Overview - Prime Intellect Docs

Verifiers provides a flexible framework for defining custom interaction protocols between LLMs and environments, enabling sophisticated multi-turn reasoning, tool use, and interactive evaluation. The three key pieces of environments in Verifiers are:

Your dataset (str or List[ChatMessage])
Your Rubric (one or more reward functions)
Your interaction protocol, extended from MultiTurnEnv

Core Concept: Interaction Protocols

Verifiers allows defining arbitrary interaction patterns between models and environments:

Environment (orchestration layer)
    ├── Defines interaction protocol (what to observe, how to respond, when to terminate)
    ├── Manages conversation state
    ├── Integrates tools and external resources
    └── Evaluates performance via Rubrics

Example Protocols

Q&A Tasks: Single model response → evaluation
Tool Use: Model request → tool execution → model continues
Games: Model move → game state update → environment feedback → repeat
Tutoring: Model attempt → hint/correction → retry until correct
Debate: Model A argument → Model B rebuttal → judge evaluation

Environment Types

MultiTurnEnv: Maximum Flexibility

The base class for custom interaction protocols:

import verifiers as vf
from verifiers.types import Messages, State
from typing import Tuple

class MyProtocol(vf.MultiTurnEnv):
    async def env_response(self, messages: Messages, state: State) -> Tuple[Messages, State]:
        """Define how environment responds to model"""
        response = [{"role": "user", "content": "Environment feedback"}]
        state["turn"] = state.get("turn", 0) + 1
        return response, state
    
    async def is_completed(self, messages: Messages, state: State) -> bool:
        """Define when interaction ends"""
        # Always defer to the base implementation so turn limits are respected
        if await super().is_completed(messages, state):
            return True
        return state.get("task_complete", False)

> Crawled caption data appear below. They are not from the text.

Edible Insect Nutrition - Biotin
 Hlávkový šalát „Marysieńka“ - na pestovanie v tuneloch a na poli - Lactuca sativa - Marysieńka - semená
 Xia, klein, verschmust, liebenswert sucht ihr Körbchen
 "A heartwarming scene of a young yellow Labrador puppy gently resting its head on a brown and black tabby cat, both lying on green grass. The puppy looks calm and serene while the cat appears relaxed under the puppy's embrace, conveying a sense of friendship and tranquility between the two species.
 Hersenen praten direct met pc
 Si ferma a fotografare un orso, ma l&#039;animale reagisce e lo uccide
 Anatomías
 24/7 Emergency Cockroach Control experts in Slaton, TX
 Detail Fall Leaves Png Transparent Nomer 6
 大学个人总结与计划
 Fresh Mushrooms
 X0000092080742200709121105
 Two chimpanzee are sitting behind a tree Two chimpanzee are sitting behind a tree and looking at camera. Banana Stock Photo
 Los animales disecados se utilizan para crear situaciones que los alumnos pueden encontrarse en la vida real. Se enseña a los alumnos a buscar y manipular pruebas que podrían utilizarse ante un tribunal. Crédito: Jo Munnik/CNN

ToolEnv: Native Tool Calling

Leverages models’ built-in tool calling for agentic workflows:

env = vf.ToolEnv(
    tools=[search, calculate, execute_code],  # Stateless Python functions
    max_turns=10,
    dataset=dataset,
    rubric=rubric
)

Tools may be sync or async. Keep them pure: the environment ends when the assistant responds without tool calls. If you must inject rollout-specific context, upgrade to StatefulToolEnv and override update_tool_args instead of relying on global state.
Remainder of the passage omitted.